BU Student Government President Andrew Cho, who is part of the committee as a representative for SG, said student involvement in the committee has provided valuable insight to shape future plans for the HTC.

“The students have drawn everyone’s attention to the real and personal problems that the new center is hoping to address,” said Cho, a senior in the College of Arts and Sciences. “Faculty have backed up these concerns, and their support signifies a more lasting and holistic vision since we, as students, are only here for the short run.”

Cho said the committee discussed designating spaces for specific groups, including Latino and African-American communities, but also strives to create an inclusive space for all BU students.

“We arrived at the conclusion that while these communities are at the heart of the HTC’s mission, the HTC must exist as a center for all,” Cho said. “This sets it apart and makes it truly live up to the ethos of common ground.”

Several students said they agree with the expansion and look forward to what the HTC will be like in the future.

Myles Ullman, a freshman in the Questrom School of Business, said he agrees with the HTC’s ideas for expansion because he doesn’t feel like the HTC has a significant presence on campus aside from its weekly “Coffee and Conversation” gatherings.

“If they [the HTC] do a better job of promoting themselves and do things that would possibly promote more people, then more people would show up,” he said.

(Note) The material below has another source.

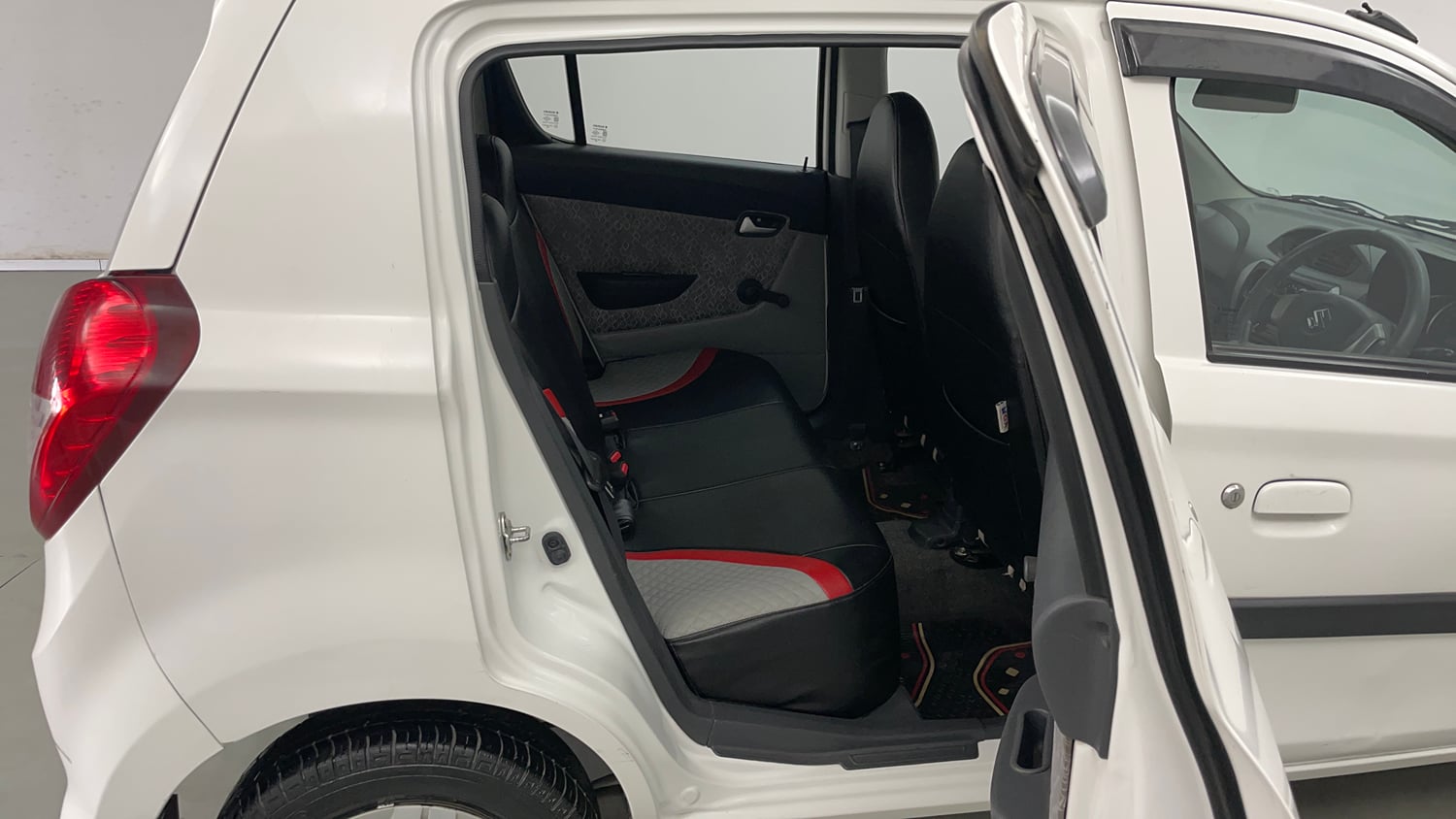 Used 2018 Maruti Suzuki Alto 800 LXi Petrol Manual interior RIGHT SIDE REAR DOOR CABIN VIEW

Jane Oberman, a junior in CAS, said though she has never been to the HTC herself, she has heard from a number of her friends that it is too small for its function.

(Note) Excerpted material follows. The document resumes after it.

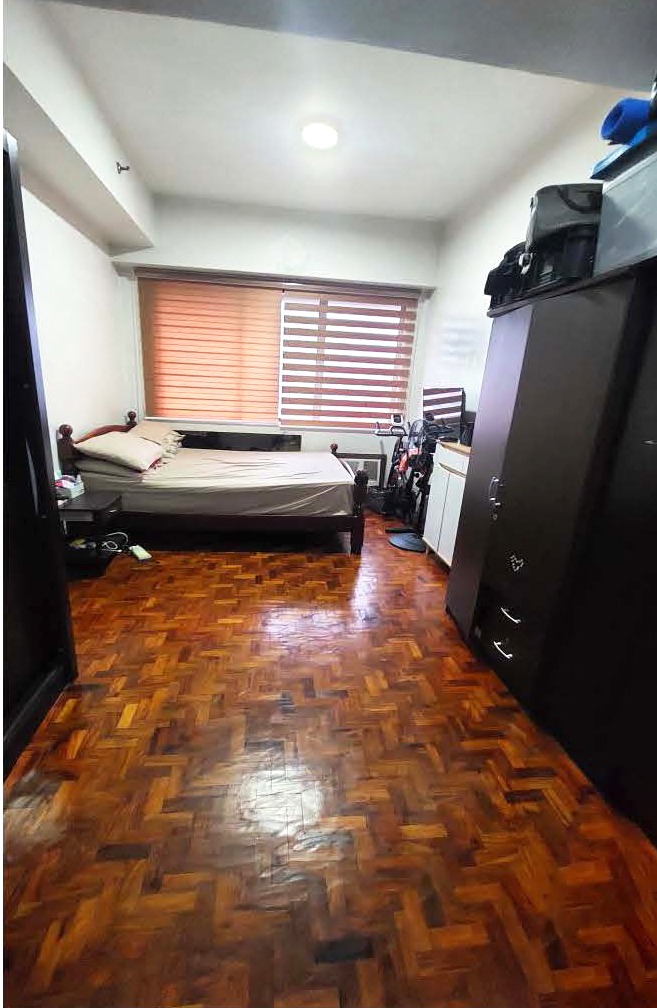 (Category: ) located in . Submitted by dombroker (Listing ID 1384928711, Image 1). Description: .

“There were a lot of people sitting in [the HTC] trying to talk, and they had trouble fitting everyone in,” she said. “Expansion would be a really positive thing … It would also be good if they advertised it more. I’ve never really heard of the programs they have to offer.”

Chris DeLucia, a senior in the College of Engineering, echoed Ullman and Oberman. He said the much-needed expansion would increase the HTC’s accessibility, because it’s currently “tucked away” in the basement of the GSU.

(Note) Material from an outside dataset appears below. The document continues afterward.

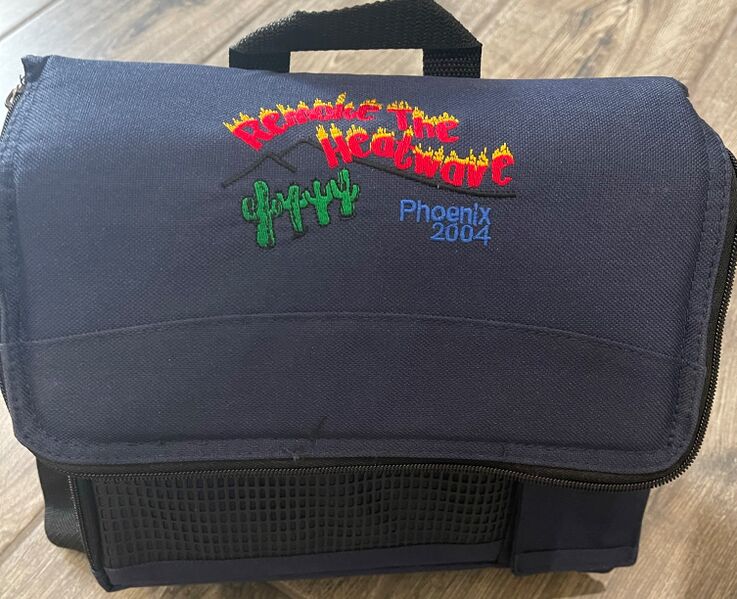 File:2004 Convention Cooler.jpg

“They have cool dialogues there, and it’s a good space to go and work … It would be more utilized as a space,” he said. “I’ve been there a couple times here and there, but I don’t go as often as I should.”

Grace Li contributed to the reporting of this article.


  1. There are four sure-fire ways to keep up with the Thurman Center’s programming. You can choose to receive its weekly newsletter, subscribe to its events on Facebook, take a look at the BU calendar, or drop in while in the GSU and talk to one of our student employees or student ambassadors. Hope this helps!

    Mailing List:


  2. As someone who has been heavily involved in the HTC for four years, I wish that this article would have included a wider range of comments and perspectives. As it stands, it only includes comments from people who admit that they don’t spend time in the HTC or know about/participate in the programming. This highlights the need for the HTC to be more physically visible but does not get at the true value of the programming, which is really the driving factor behind the need to expand. This article would have benefited from including the perspective of people who are familiar with the HTC who could provide a less broad, more grounded explanation of the impact and value of the HTC, and how BU will benefit from the expansion of this impact and values.

    Expanding the physical space and the reach of the HTC are not the point. They are only pathways to reaching the larger goals of expanding the ethos and character of the HTC to truly encourage breaking down barriers and seeking common ground throughout BU. This goal is largely missing from this article as there is no inclusion of people actually involved in the HTC and its programming.